--- Information provided Enclosed Below ---

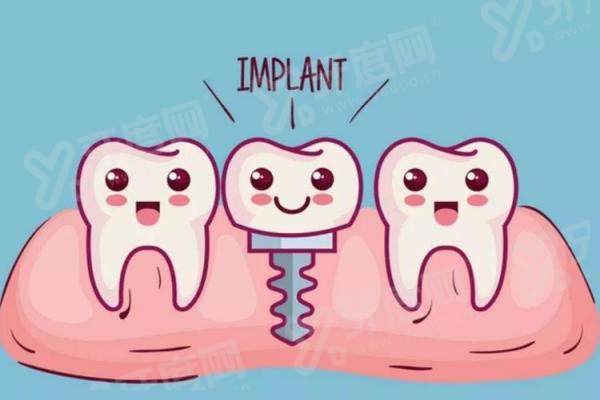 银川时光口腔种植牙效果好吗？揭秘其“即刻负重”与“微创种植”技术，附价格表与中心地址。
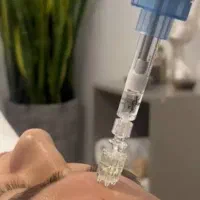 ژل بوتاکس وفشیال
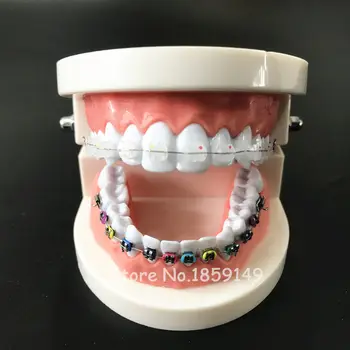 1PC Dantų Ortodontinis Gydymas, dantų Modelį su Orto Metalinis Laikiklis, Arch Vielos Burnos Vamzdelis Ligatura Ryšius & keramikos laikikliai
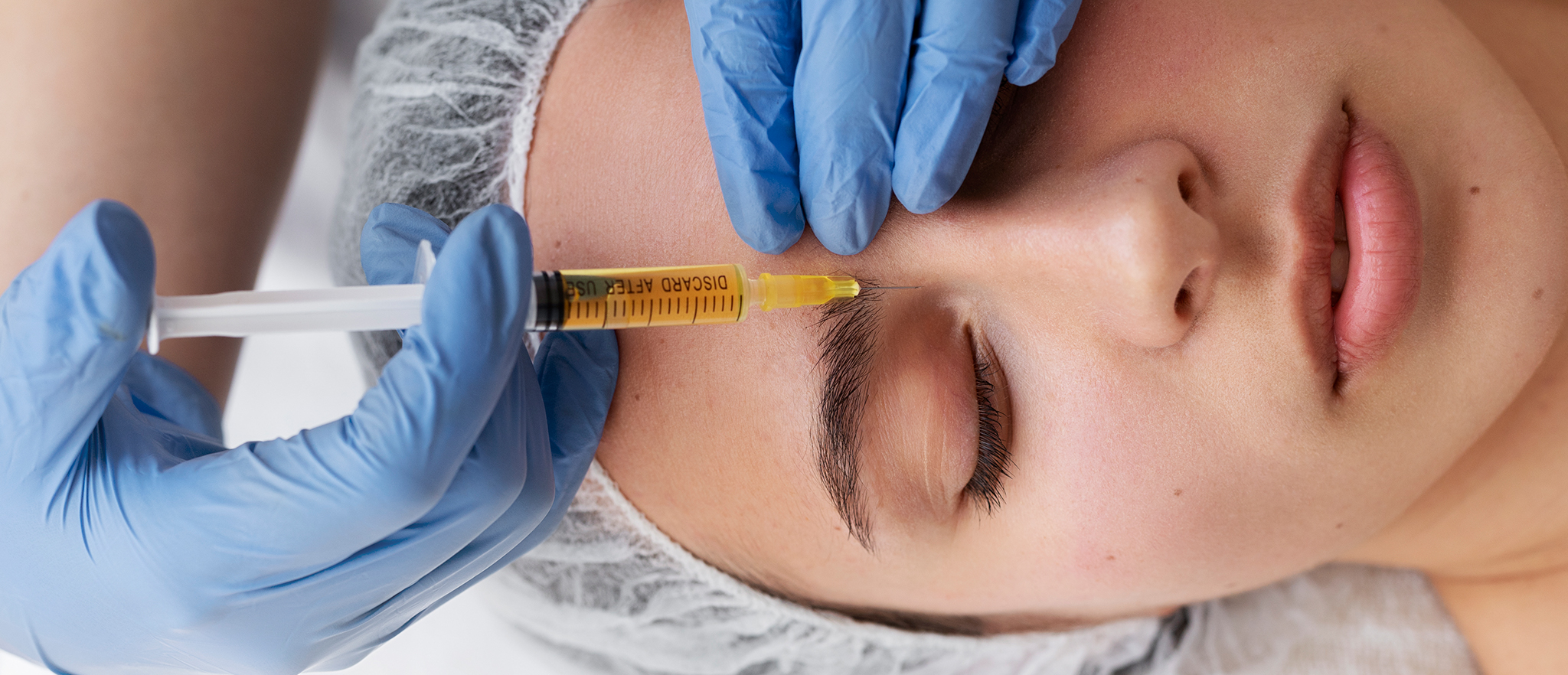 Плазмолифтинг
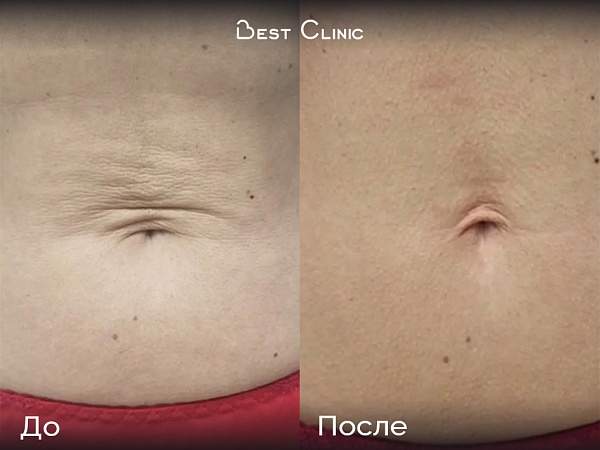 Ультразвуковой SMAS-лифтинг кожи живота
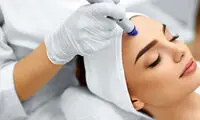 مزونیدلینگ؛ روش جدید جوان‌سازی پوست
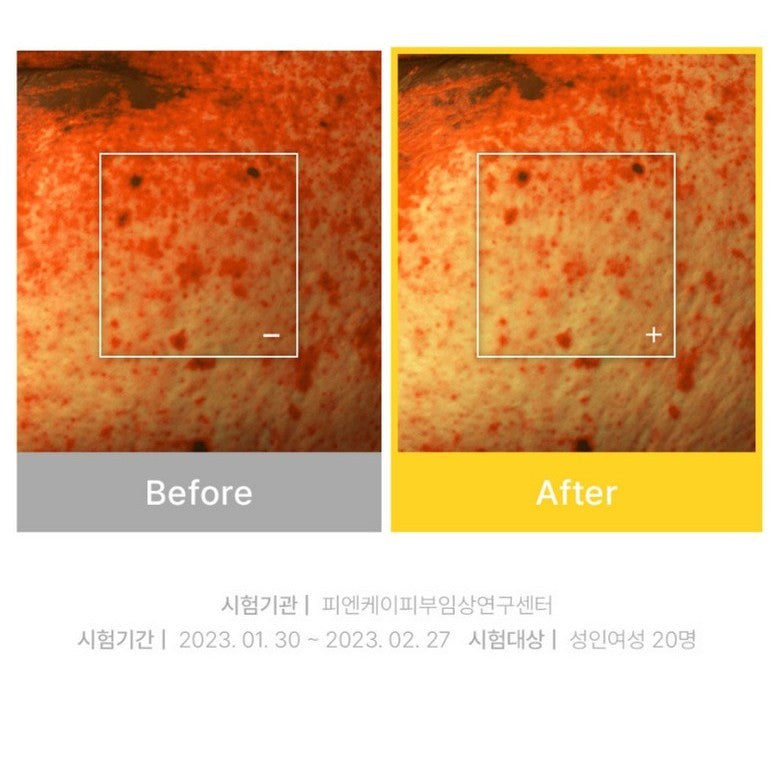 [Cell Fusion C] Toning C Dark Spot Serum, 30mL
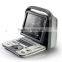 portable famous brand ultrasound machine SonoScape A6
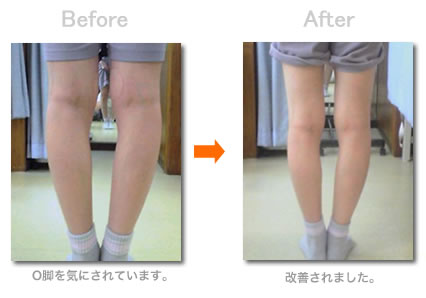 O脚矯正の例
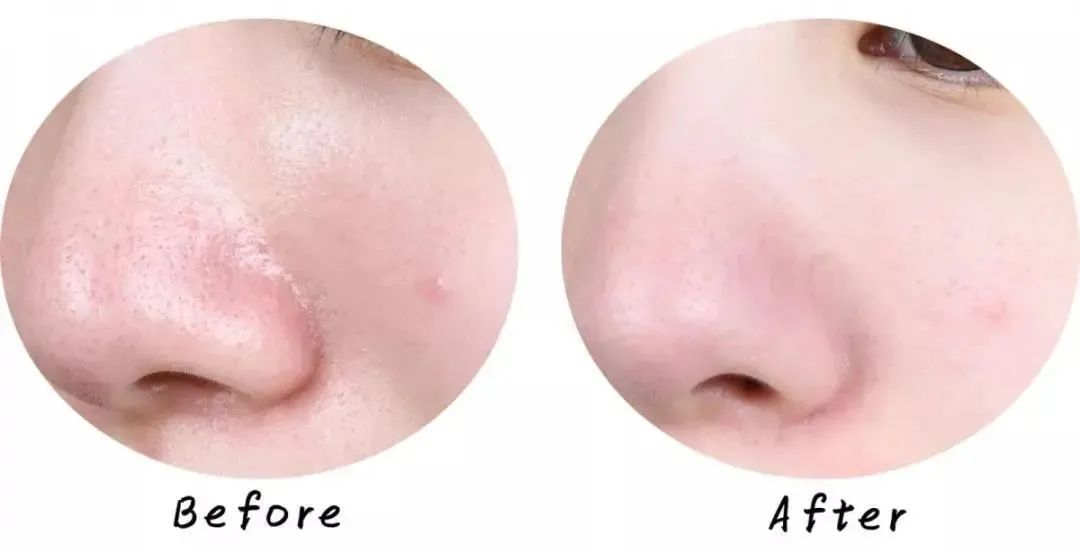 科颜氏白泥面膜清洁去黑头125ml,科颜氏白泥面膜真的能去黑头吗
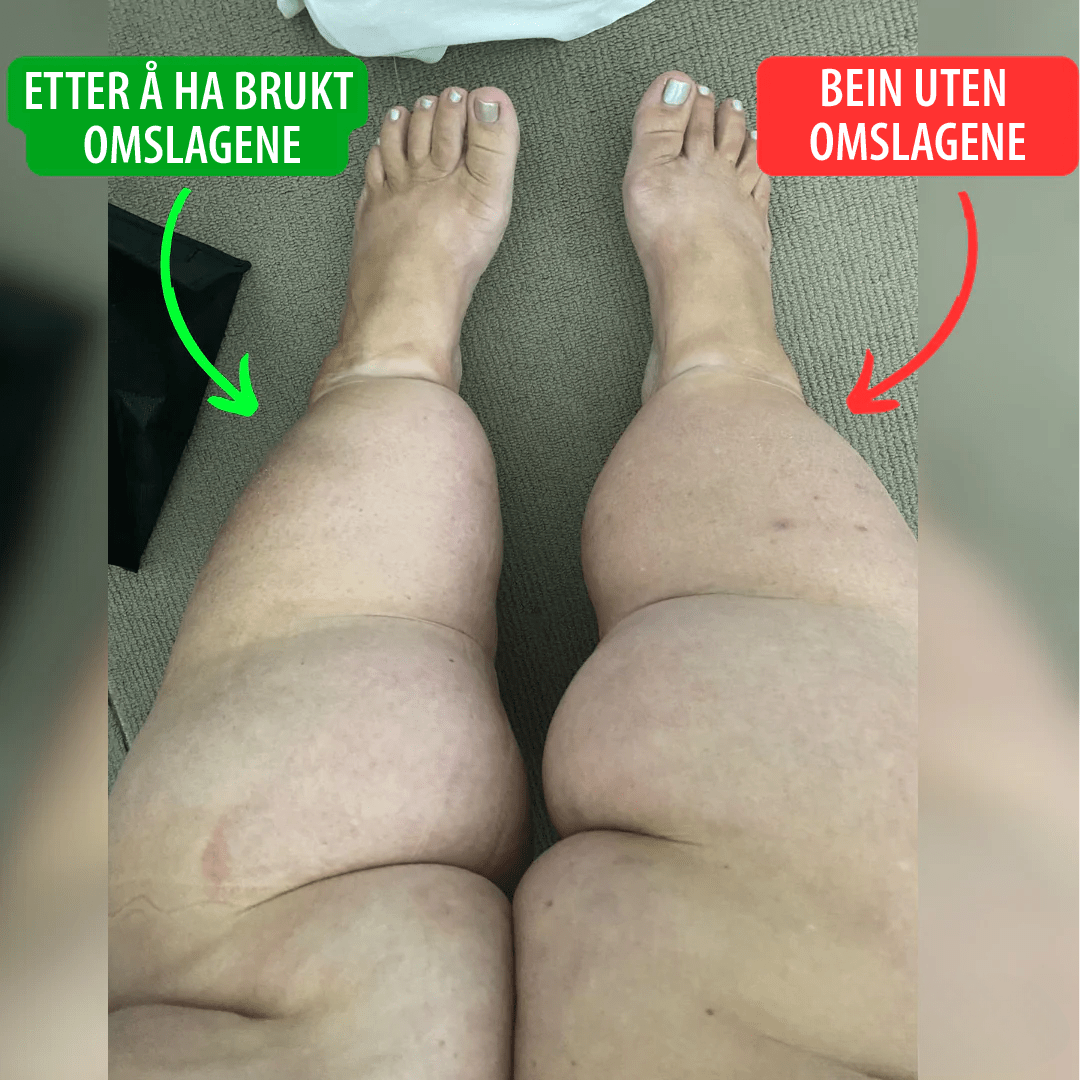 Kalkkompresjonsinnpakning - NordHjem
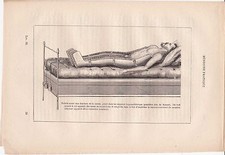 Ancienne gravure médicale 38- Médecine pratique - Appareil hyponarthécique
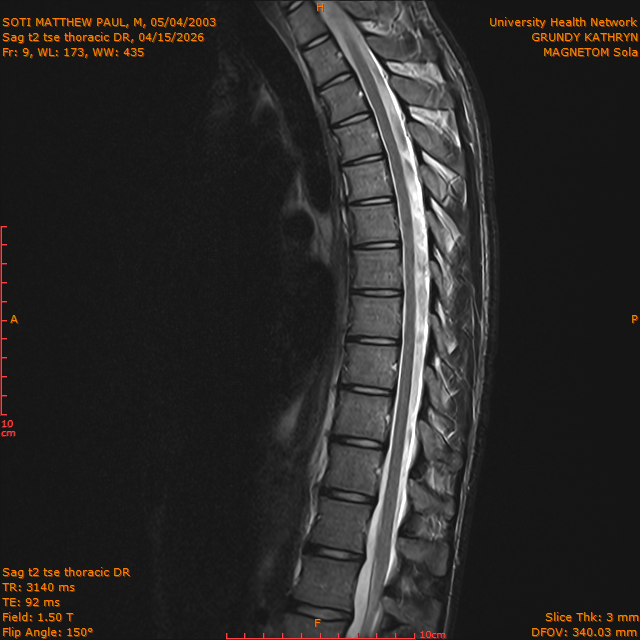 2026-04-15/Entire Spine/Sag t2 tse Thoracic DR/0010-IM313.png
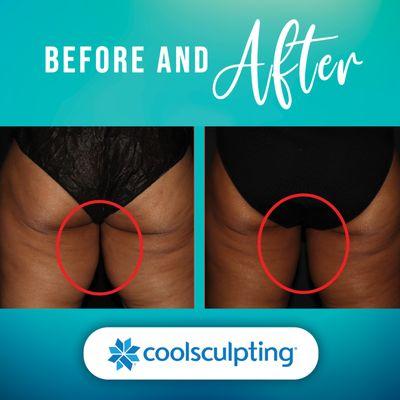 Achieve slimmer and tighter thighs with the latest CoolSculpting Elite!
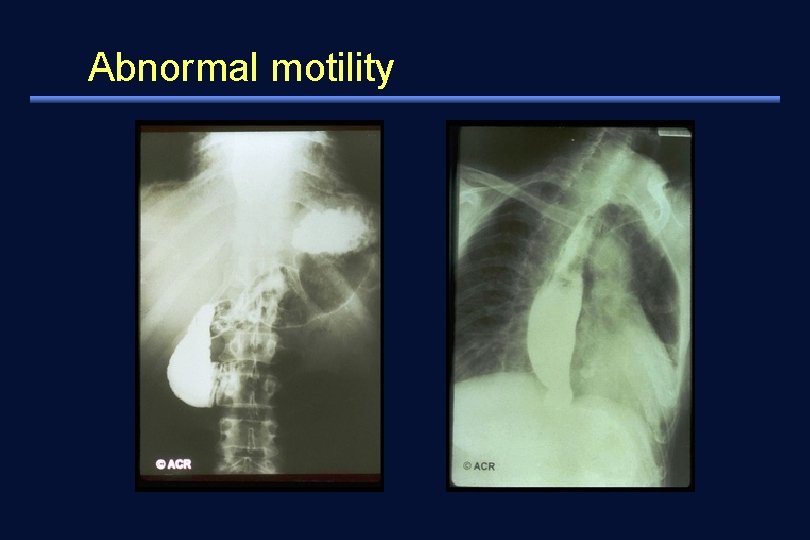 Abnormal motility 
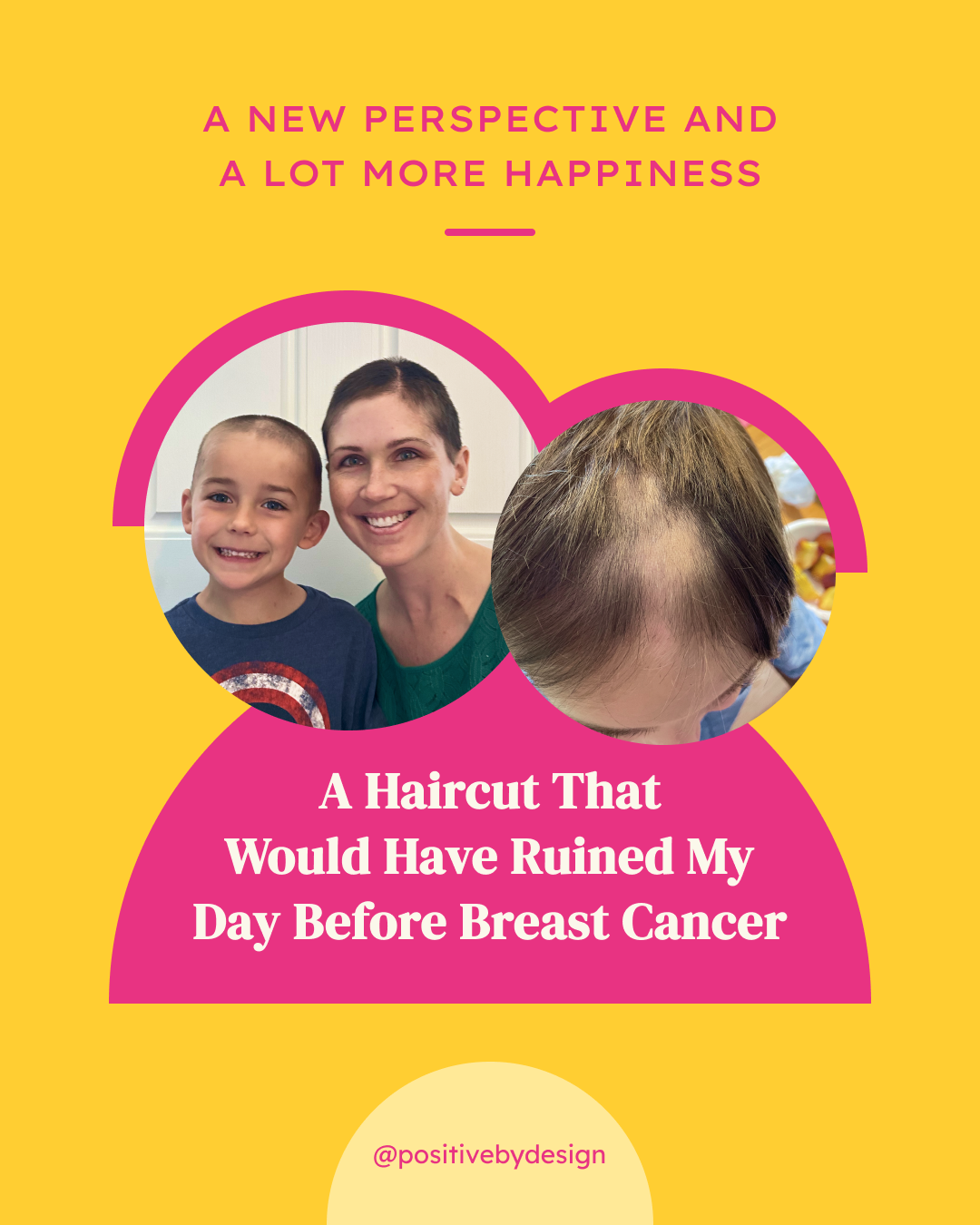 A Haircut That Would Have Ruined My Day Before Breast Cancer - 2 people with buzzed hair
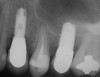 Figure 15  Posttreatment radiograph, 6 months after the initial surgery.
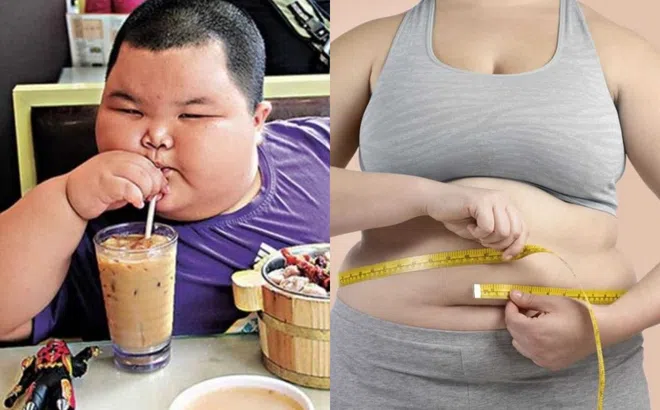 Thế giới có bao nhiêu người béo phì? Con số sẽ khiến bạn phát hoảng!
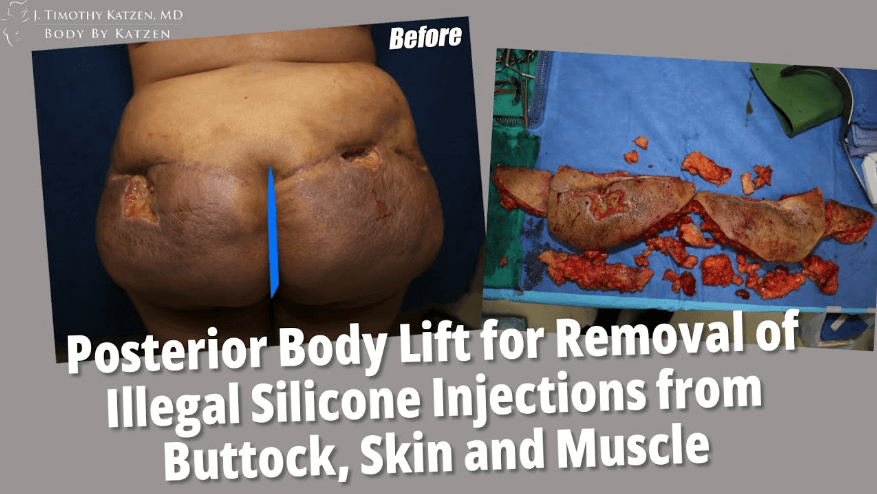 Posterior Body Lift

--- End of Enclosed Information provided ---

**Exercise directions:** Exact lines, nothing more: output the one with "Abnormal motility" and every later line through the end of the data, skipping pictures.

**Exercise response:**
 Abnormal motility 
 A Haircut That Would Have Ruined My Day Before Breast Cancer - 2 people with buzzed hair
 Figure 15  Posttreatment radiograph, 6 months after the initial surgery.
 Thế giới có bao nhiêu người béo phì? Con số sẽ khiến bạn phát hoảng!
 Posterior Body Lift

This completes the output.